[Opening Provided entries section]
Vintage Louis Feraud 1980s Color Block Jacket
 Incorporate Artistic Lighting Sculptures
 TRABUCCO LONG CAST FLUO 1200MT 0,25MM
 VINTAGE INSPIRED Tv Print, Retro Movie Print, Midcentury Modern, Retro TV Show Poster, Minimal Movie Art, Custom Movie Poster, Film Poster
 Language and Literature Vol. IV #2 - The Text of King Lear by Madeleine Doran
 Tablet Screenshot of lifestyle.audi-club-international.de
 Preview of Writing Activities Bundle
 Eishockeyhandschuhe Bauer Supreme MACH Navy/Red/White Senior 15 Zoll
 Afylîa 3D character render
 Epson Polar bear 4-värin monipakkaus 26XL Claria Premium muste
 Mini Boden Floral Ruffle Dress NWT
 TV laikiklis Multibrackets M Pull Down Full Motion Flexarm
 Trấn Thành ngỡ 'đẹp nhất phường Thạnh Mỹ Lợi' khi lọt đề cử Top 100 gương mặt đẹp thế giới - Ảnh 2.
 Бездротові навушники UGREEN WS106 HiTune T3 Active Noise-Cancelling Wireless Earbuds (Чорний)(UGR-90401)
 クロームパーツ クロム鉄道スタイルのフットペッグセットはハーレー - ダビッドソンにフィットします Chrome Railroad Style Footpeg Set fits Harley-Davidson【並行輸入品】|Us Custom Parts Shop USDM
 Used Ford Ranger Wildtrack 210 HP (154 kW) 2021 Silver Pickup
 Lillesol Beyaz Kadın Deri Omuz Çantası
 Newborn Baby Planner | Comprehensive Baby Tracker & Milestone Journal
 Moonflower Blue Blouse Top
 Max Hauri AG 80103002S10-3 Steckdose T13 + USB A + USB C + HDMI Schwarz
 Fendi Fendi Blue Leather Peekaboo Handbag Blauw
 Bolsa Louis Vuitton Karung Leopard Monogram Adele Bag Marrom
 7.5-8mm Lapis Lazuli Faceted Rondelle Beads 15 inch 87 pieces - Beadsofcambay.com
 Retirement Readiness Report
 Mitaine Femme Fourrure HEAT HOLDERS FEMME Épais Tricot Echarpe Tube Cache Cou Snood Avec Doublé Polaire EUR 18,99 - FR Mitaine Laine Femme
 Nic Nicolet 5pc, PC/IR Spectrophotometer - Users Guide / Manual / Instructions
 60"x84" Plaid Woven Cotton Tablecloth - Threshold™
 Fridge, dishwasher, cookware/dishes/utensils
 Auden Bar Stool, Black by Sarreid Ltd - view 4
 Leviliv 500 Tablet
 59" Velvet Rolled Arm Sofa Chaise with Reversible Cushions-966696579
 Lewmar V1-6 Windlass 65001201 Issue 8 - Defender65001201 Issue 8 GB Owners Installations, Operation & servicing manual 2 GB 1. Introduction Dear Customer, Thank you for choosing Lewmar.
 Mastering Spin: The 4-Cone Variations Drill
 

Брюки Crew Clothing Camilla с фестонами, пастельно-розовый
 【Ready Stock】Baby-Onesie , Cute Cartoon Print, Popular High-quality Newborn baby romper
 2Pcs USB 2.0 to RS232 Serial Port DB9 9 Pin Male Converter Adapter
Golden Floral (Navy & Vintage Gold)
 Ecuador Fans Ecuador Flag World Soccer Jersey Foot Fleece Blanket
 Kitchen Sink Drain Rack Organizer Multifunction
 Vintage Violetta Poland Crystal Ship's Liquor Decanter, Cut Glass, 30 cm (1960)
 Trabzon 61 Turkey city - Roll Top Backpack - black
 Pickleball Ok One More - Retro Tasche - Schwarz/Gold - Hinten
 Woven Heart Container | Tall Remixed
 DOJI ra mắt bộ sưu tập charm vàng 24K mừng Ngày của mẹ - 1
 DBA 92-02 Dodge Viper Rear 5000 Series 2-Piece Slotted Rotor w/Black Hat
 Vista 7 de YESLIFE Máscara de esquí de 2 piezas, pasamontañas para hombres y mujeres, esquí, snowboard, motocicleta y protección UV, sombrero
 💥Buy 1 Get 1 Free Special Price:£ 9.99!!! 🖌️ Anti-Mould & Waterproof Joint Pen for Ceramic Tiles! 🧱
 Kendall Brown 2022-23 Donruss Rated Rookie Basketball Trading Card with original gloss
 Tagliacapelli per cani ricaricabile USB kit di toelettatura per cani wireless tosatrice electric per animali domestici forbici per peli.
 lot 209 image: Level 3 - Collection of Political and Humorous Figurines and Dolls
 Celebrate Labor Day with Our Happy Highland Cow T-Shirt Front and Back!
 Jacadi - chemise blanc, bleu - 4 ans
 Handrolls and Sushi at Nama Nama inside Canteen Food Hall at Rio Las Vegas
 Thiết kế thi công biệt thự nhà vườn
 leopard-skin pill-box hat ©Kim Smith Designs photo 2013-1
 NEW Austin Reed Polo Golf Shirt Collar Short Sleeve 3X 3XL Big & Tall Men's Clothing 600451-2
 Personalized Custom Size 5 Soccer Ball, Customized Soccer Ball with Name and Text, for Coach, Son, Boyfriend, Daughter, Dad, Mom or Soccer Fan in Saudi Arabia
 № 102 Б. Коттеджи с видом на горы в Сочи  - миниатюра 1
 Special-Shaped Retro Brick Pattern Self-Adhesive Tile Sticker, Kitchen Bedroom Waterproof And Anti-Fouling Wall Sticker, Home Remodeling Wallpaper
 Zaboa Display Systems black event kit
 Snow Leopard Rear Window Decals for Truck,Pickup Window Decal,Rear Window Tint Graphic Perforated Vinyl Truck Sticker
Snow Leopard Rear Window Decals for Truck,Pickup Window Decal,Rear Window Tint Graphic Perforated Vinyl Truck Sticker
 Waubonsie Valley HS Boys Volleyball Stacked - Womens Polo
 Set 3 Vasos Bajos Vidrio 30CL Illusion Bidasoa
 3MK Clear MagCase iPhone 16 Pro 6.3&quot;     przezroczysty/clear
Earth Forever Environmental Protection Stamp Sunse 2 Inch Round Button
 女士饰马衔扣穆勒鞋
[Closing Provided entries section]
Beginning at the line with "Retirement Readiness Report" and stopping after the line with "Ceramic Tiles! 🧱", please write out every line of the data above exactly and nothing else.

| The answer |
 Retirement Readiness Report
 Mitaine Femme Fourrure HEAT HOLDERS FEMME Épais Tricot Echarpe Tube Cache Cou Snood Avec Doublé Polaire EUR 18,99 - FR Mitaine Laine Femme
 Nic Nicolet 5pc, PC/IR Spectrophotometer - Users Guide / Manual / Instructions
 60"x84" Plaid Woven Cotton Tablecloth - Threshold™
 Fridge, dishwasher, cookware/dishes/utensils
 Auden Bar Stool, Black by Sarreid Ltd - view 4
 Leviliv 500 Tablet
 59" Velvet Rolled Arm Sofa Chaise with Reversible Cushions-966696579
 Lewmar V1-6 Windlass 65001201 Issue 8 - Defender65001201 Issue 8 GB Owners Installations, Operation & servicing manual 2 GB 1. Introduction Dear Customer, Thank you for choosing Lewmar.
 Mastering Spin: The 4-Cone Variations Drill
 

Брюки Crew Clothing Camilla с фестонами, пастельно-розовый
 【Ready Stock】Baby-Onesie , Cute Cartoon Print, Popular High-quality Newborn baby romper
 2Pcs USB 2.0 to RS232 Serial Port DB9 9 Pin Male Converter Adapter
Golden Floral (Navy & Vintage Gold)
 Ecuador Fans Ecuador Flag World Soccer Jersey Foot Fleece Blanket
 Kitchen Sink Drain Rack Organizer Multifunction
 Vintage Violetta Poland Crystal Ship's Liquor Decanter, Cut Glass, 30 cm (1960)
 Trabzon 61 Turkey city - Roll Top Backpack - black
 Pickleball Ok One More - Retro Tasche - Schwarz/Gold - Hinten
 Woven Heart Container | Tall Remixed
 DOJI ra mắt bộ sưu tập charm vàng 24K mừng Ngày của mẹ - 1
 DBA 92-02 Dodge Viper Rear 5000 Series 2-Piece Slotted Rotor w/Black Hat
 Vista 7 de YESLIFE Máscara de esquí de 2 piezas, pasamontañas para hombres y mujeres, esquí, snowboard, motocicleta y protección UV, sombrero
 💥Buy 1 Get 1 Free Special Price:£ 9.99!!! 🖌️ Anti-Mould & Waterproof Joint Pen for Ceramic Tiles! 🧱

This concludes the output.